Ésta era la paulatina hoja de ruta en la que Pujol trazó su estrategia. Crear estructuras de Estado para funcionar de facto como una nación plena hasta que madurase la breva. Y así ha ido ocurriendo desde principios de la década de los ochenta; gobernara quien gobernarse, izquierdas o derechas, el nacionalismo ha ido arrancando privilegios, poderes y competencias a través de una reclamación identitaria consistente y perpetua. Hoy, además de los servicios públicos que administran en régimen semifederal todas las comunidades del sistema, la Generalitat tiene policía propia, leyes lingüísticas excluyentes y embajadas externas, y está a punto de obtener la creación de un cuerpo de Hacienda que le permita lograr la soberanía financiera. Le falta un poder judicial, la caja de las pensiones y el control de la política energética –y van a ser las siguientes metas– para quedarse a un palmo de la independencia.

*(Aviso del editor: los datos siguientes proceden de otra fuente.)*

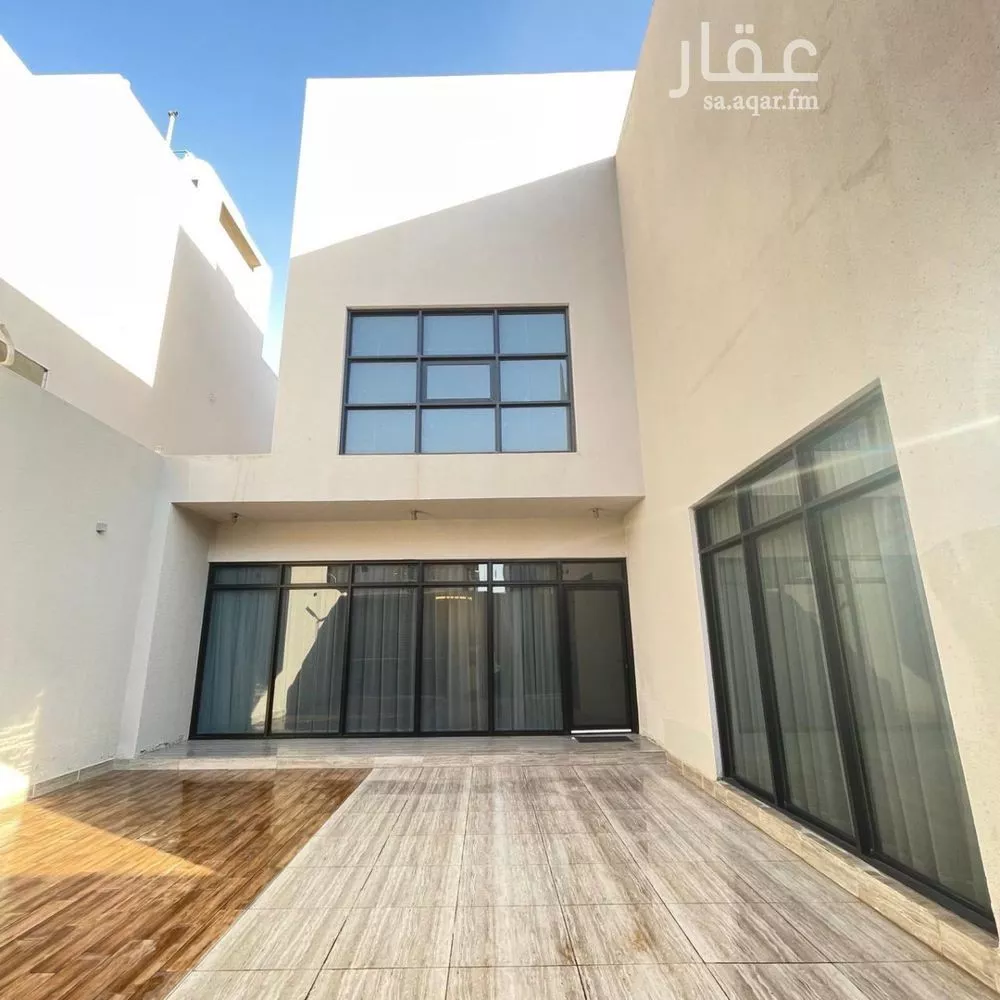 فيلا للإيجار في شارع علي بن إبراهيم, حي الرمال, مدينة الرياض, منطقة الرياض 1 صورة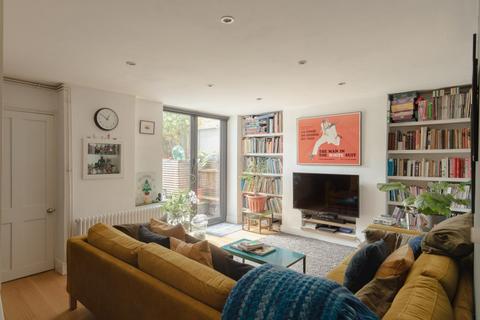 4 bedroom property for sale, Kings Grove, Peckham SE15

En pleno motín sedicioso, el filósofo Javier Gomá escribió que el origen del problema era la ausencia de una pedagogía de la frustración: a los nacionalistas nadie les ha dicho nunca que no a nada y se han malacostumbrado a salirse con la suya en cualquier circunstancia. El Estado siempre acaba cediendo a las buenas o a las malas, y en la única oportunidad que tuvo de plantarse, la del 155, le faltó determinación y le sobró desconfianza para implantar su autoridad con razones más que justificadas. Esa conciencia remordida da alas a la mitología del destino manifiesto incluso entre unas élites que consideran a España como una especie de madrastra acomplejada, y que ahora ven en la debilidad de Sánchez otra oportunidad de sacar nuevas ventajas. Hay un espejismo en este relativo ensordecimiento de la matraca: el ‘procés’ sólo está en modo de recuperación y pausa.